» PROBLEM TO WORK ON
When the listing below reaches the line that has "Pedestrian Reach Stacker Hire", start reproducing exactly; stop after the line that has "Living. Local (August 2013) Shooting", and drop the pictures.

[Opening RECORDED DATA section]

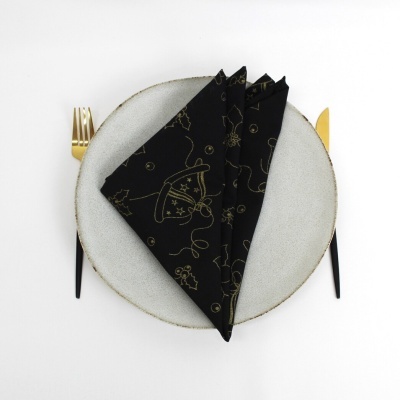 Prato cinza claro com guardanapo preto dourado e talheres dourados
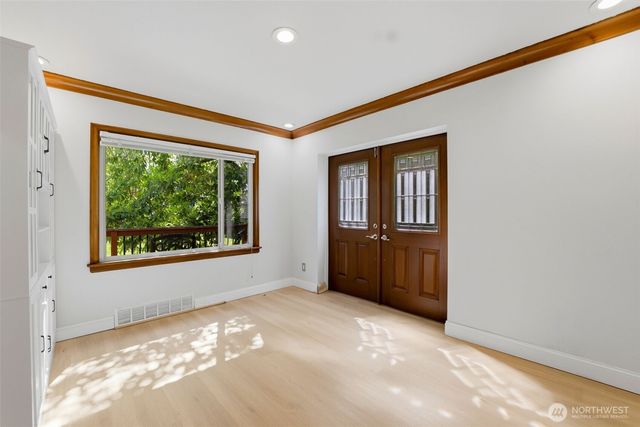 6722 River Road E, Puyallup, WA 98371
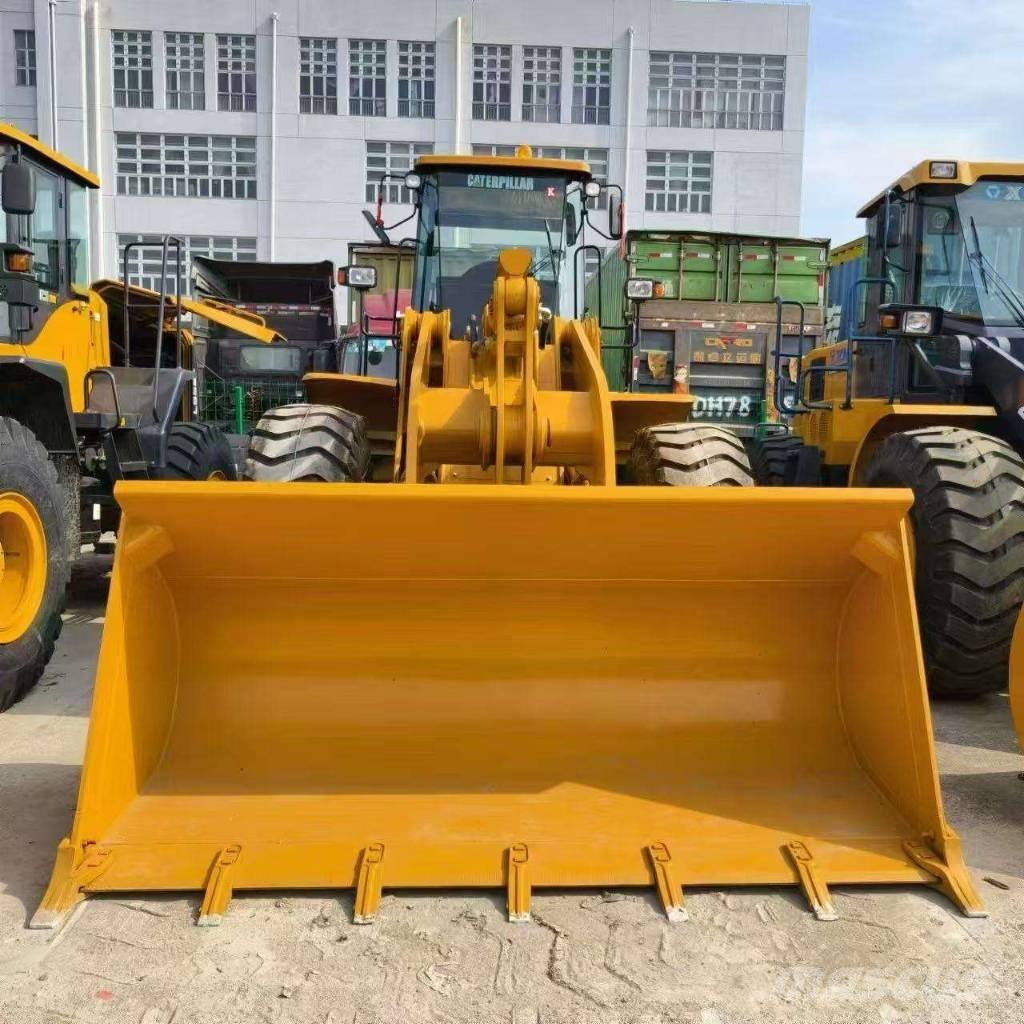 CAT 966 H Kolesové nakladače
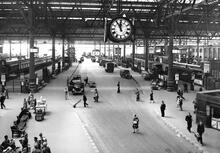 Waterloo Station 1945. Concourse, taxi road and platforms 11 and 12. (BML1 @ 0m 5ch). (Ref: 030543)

[Closing RECORDED DATA section]
[Opening RECORDED DATA section]

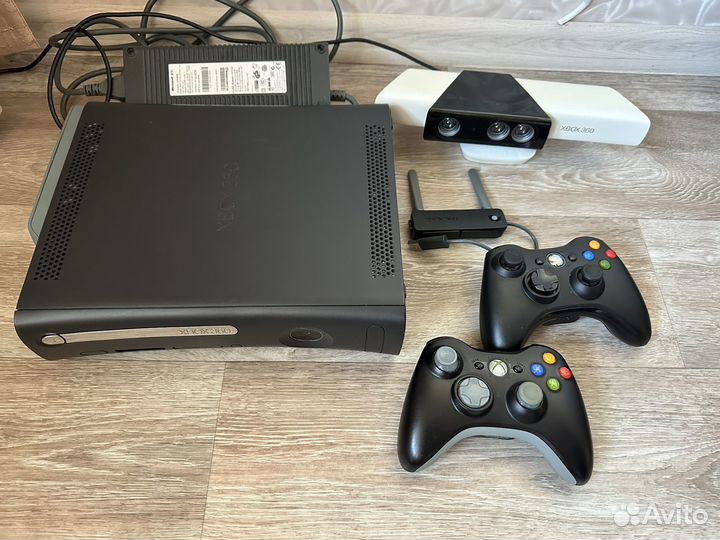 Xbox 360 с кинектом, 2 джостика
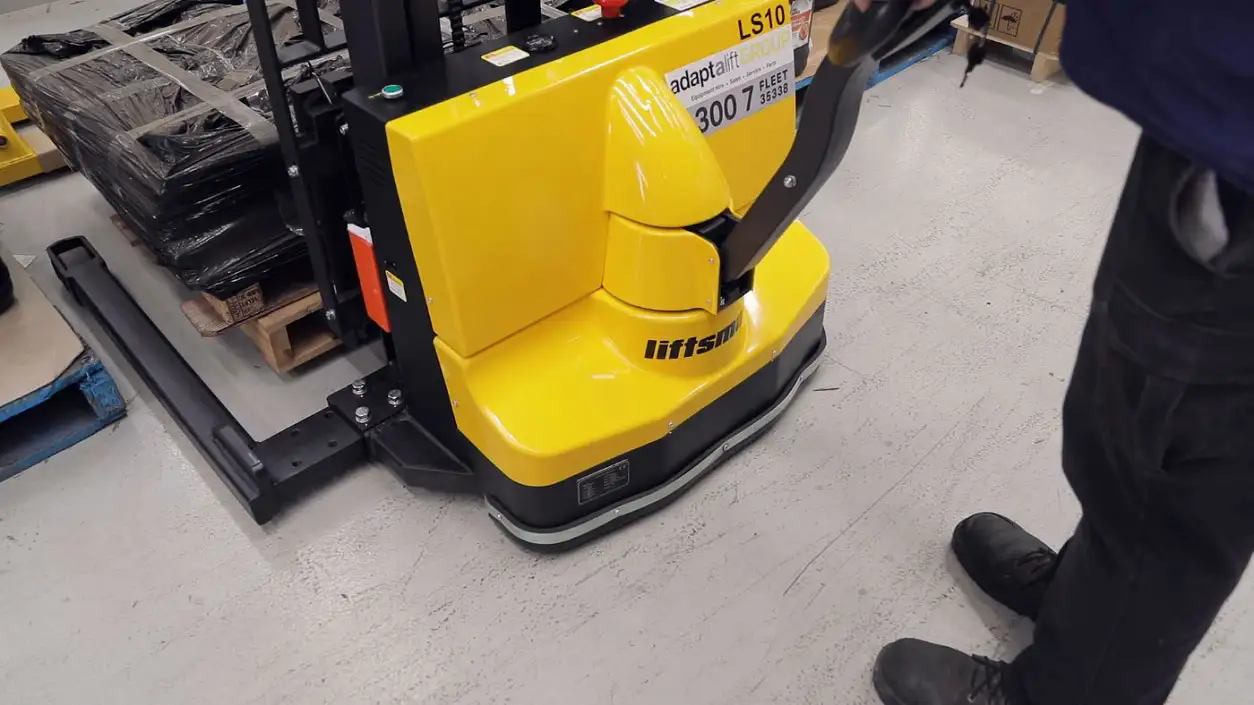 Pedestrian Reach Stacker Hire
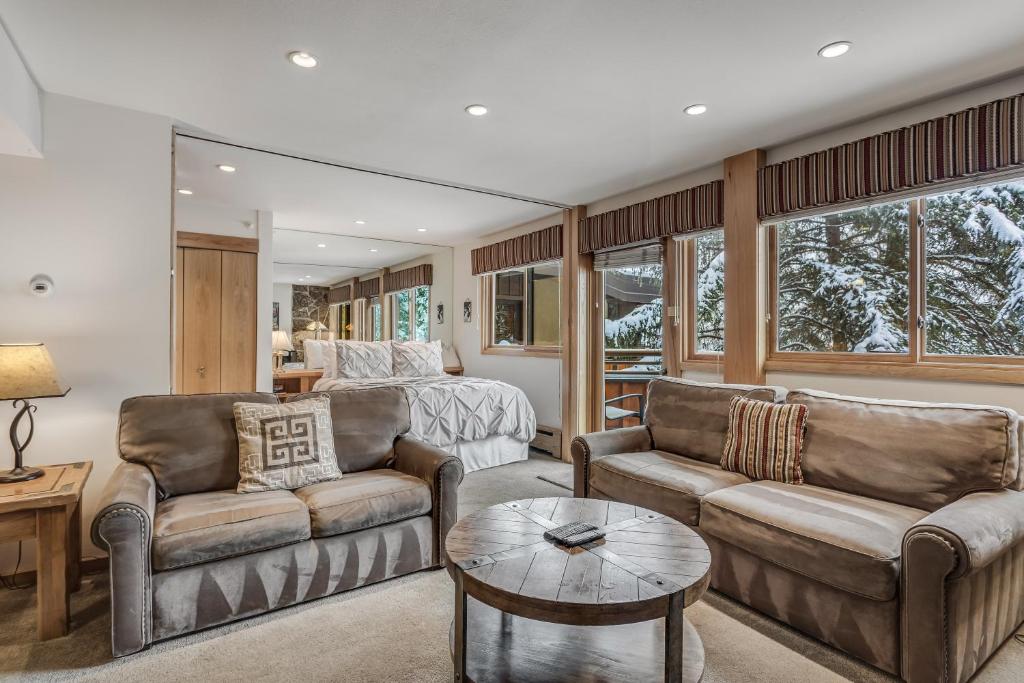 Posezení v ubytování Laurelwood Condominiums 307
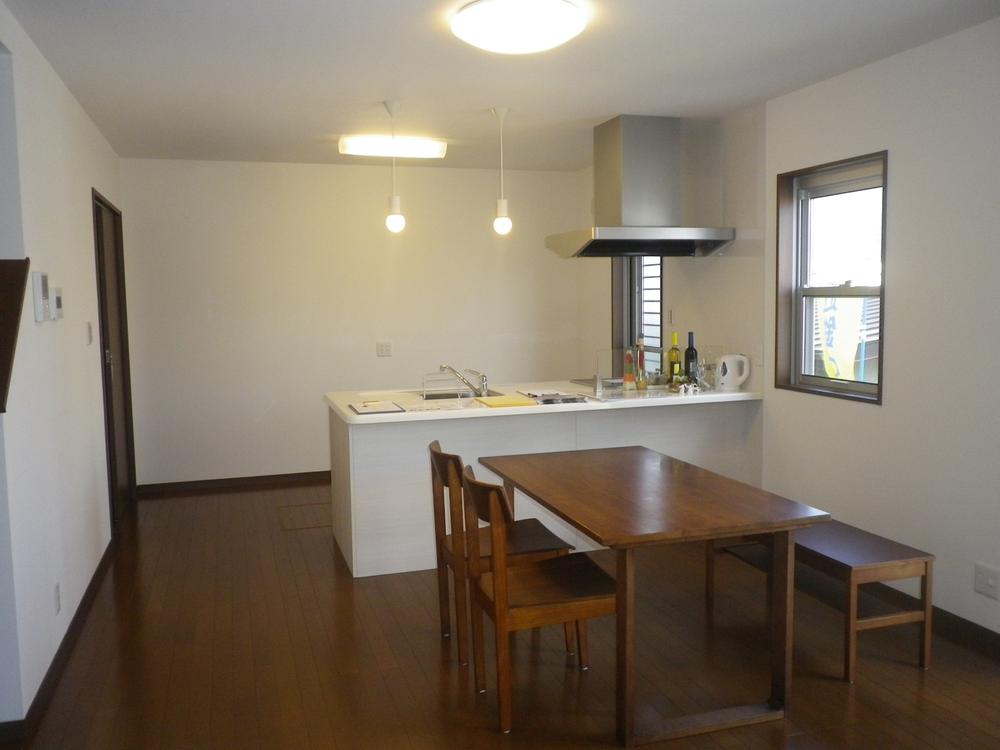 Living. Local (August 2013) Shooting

[Closing RECORDED DATA section]

» THE COMPLETED TASK
 Pedestrian Reach Stacker Hire
 Posezení v ubytování Laurelwood Condominiums 307
 Living. Local (August 2013) Shooting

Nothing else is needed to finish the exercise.